Until recently, the expectation was that most Canadians would stop working between age 60 and 65 and then begin collecting a pension, including from the Canada Pension Plan (CPP) and Old Age Security (OAS). In other words, you worked, retired by 65 at the latest, and then received pension income.

However, in the past two decades the formerly sequential relationship between work, retirement, and pensions unraveled.

The family life of Canadians became varied and complex: later marriage, divorce, re-marriage, and blended families became common-place and normalized. Work changed as well, with fewer manual occupations and more emphasis on soft skills. Education is different: more years at school, later graduation, and the likelihood of returning to school for upgrading later in life. Lastly, technology has impacted the life cycle of Canadians: later childbirth and increased longevity.

Governments have struggled to respond to the revolution in the lives of Canadians. Only recently has the federal government finally abandoned the work cessation test in the CPP so that a retirement pension can be paid to someone still working after age 60.

Not long ago, the federal government reformed laws that in some cases permit members of a pension plan to make contributions and receive payments at the same time. Finally, Ottawa enabled Canadians to delay the receipt of OAS payments to age 70 from the previous age 65, with higher payments at the later age.

As importantly, all provincial governments eliminated laws that forced employees to retire at age 65 regardless of their productivity and desire to continue working.

The result is a retirement buffet for most Canadians, rather than the former à la carte.
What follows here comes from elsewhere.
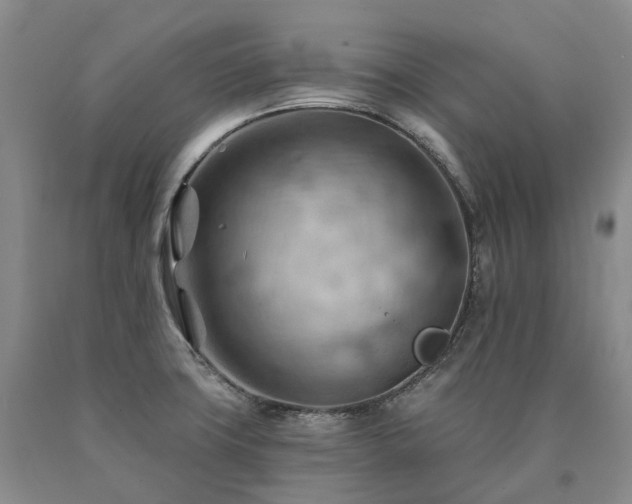 X0000090891427200707271323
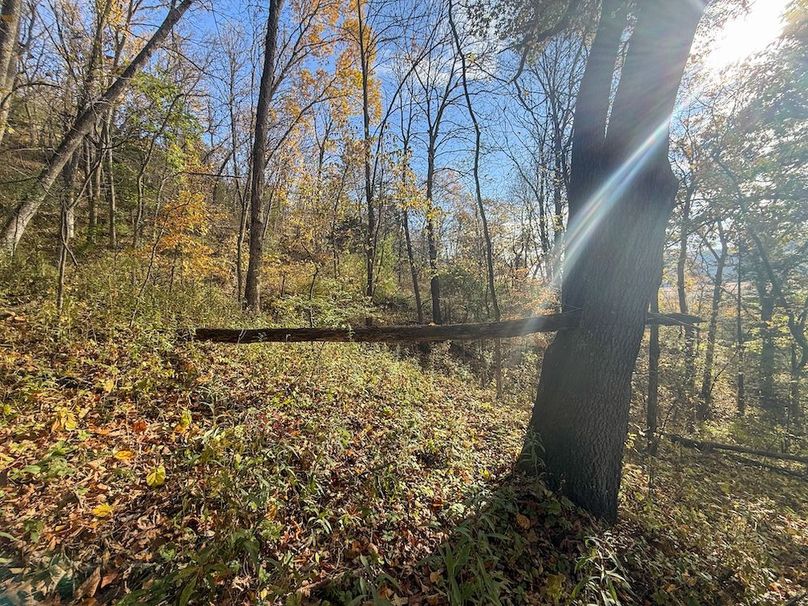 Houston 24.97 Updated-40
An employee can receive CPP retirement benefits while at the same time paying into the CPP so as to receive higher payments in the future. This same employee can also receive a retirement pension from her employer, while being employed and paying into the same pension plan. Lastly, this same employee, if age 65 or higher, can receive OAS payments.

The only rule that remains from the former retirement regime is that by age 71 pensions must begin from all pension sources, including employer pensions and registered retirement savings plans.
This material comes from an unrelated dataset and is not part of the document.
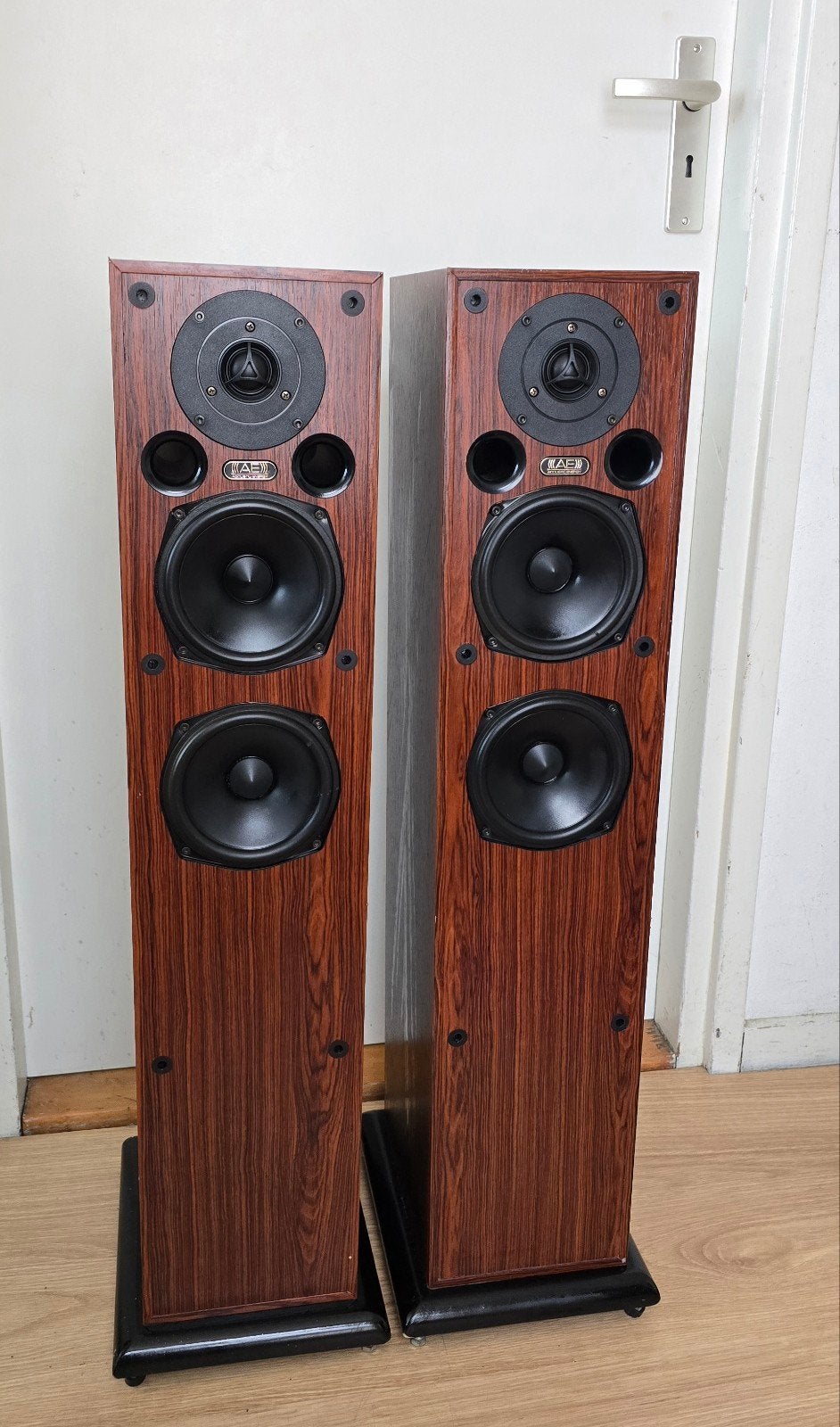 Acoustic Energy AE109 Vloerstaande 35kg🪝
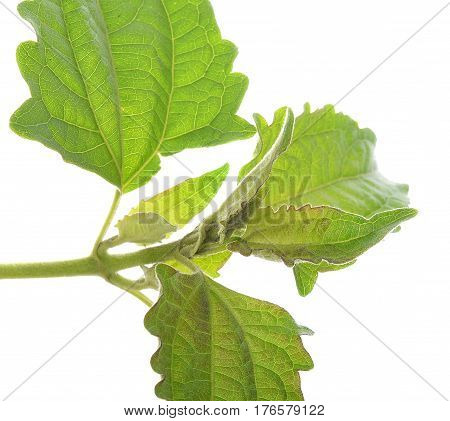 Siam weed or Ageratum houstonianum isolated on white background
At present, all Canadians when reaching age 71, whether employed or not, must receive the pension income to which they are eligible. This is the situation that the Ontario government finds offensive, in that professors are seen to be “double dipping” by earning employment income and receiving their pension.
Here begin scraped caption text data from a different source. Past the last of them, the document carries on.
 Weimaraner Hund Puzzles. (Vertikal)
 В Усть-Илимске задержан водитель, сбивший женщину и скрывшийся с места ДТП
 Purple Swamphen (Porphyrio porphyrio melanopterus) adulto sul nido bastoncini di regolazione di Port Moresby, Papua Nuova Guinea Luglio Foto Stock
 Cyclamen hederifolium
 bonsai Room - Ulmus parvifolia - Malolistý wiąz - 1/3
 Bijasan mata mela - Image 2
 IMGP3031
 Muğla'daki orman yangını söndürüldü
When nearly everyone retired before 65 and began collecting a pension by that age, a rule that by 71 pension must be paid made sense. However, setting an arbitrary age at which Canadians must receive pensions is based on an outdated assumption. Namely, that if older Canadians are given the freedom to decide when to start their pensions they might choose not to do so at all.

The federal government believes that older people would purposefully refuse or delay pensions in order to take unfair advantage of income-tested benefits to which they would not be eligible if they were receiving pension income. This is clearly not the case for the vast majority of Canadians, and attempts to do so would easily be prevented by minor updates to eligibility criteria for programs and benefits, and tax regulations.

Less than three decades ago the Supreme Court of Canada described mandatory retirement at age 65 as “part of the very fabric of the organization of the labour market in this country”. Just over a decade later politicians of all stripes struck it from the books as obsolete and not in keeping with the needs of employers and the life cycle of Canadians.

The archaic regulation that mandates the receipt of all pensions at age 71 should follow mandatory retirement at age 65 to the ash heap of history. Surely if Canadians can choose when to retire, they can also decide when to start drawing their pensions.